= DuPage Opera Theatre =

The DuPage Opera Theatre (DOT) is one of three professional opera companies located in the Chicago area, along with the Lyric Opera of Chicago and the Chicago Opera Theater. Founded in 1977 as a resident, professional ensemble at the McAninch Arts Center at the College of DuPage in Glen Ellyn, Illinois, DuPage Opera has mounted several hundred performances since its inception.

DuPage Opera Theatre performs in the 793-seat main stage of the Arts Center. The Arts Center opened on October 10, 1986, and 12 years later was renamed the Harold D. McAninch Arts Center.
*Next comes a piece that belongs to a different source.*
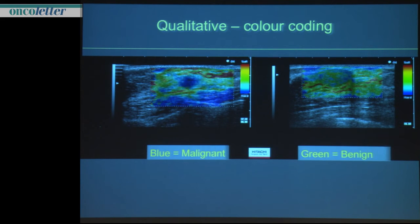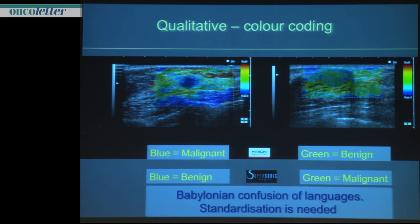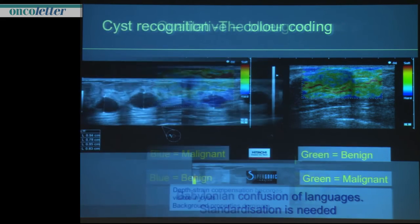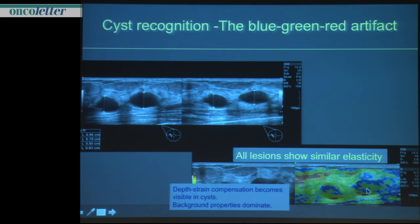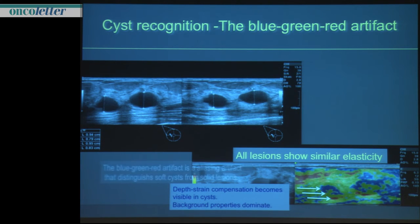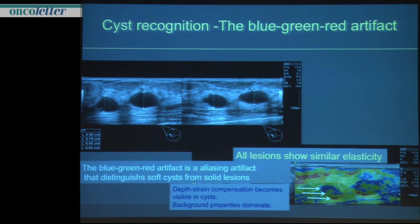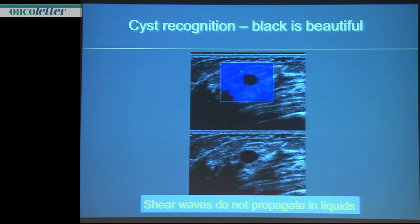Color coding is a problem — it differs between Europe, the US, and Asia. But modern systems allow you to switch: is red hard or is red soft? A typical artifact in strain imaging appears within cysts as a blue-green-red pattern. Whenever you see this artifact you know it's strain imaging — it's a tricolor artifact defining a cyst. And this is the black cyst appearance in the supersonic shear wave system.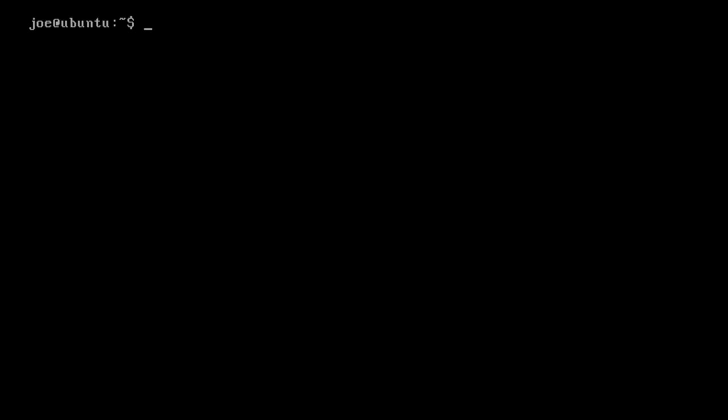Hello, and in this video I'm just going to show you about changing file permissions in the Linux terminal. So to start off with, let's just ls, and you'll see I have a file here called ono.txt.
The MAC, as it is commonly referred to, is home to three resident professional ensembles: Buffalo Theatre Ensemble, DuPage Opera Theatre, and New Philharmonic, as well as the Gahlberg Gallery, a space for visual art exhibition.

Harold Bauer was the founding artistic director and conductor of the company. Kirk Muspratt is the current artistic director and music director, a position that he has held since July 2004. In December 2006, Muspratt was named "Chicagoan of the Year" in classical music by John von Rhein and the staff of the Chicago Tribune. In his first four seasons, productions at the DuPage Opera Theatre featured Le nozze di Figaro, Il barbiere di Siviglia, La bohème, Faust, Otello and Tosca. In 2008, Muspratt stated that by tackling such renowned operas as Otello, "we are showcasing DuPage Opera's growth and new vision".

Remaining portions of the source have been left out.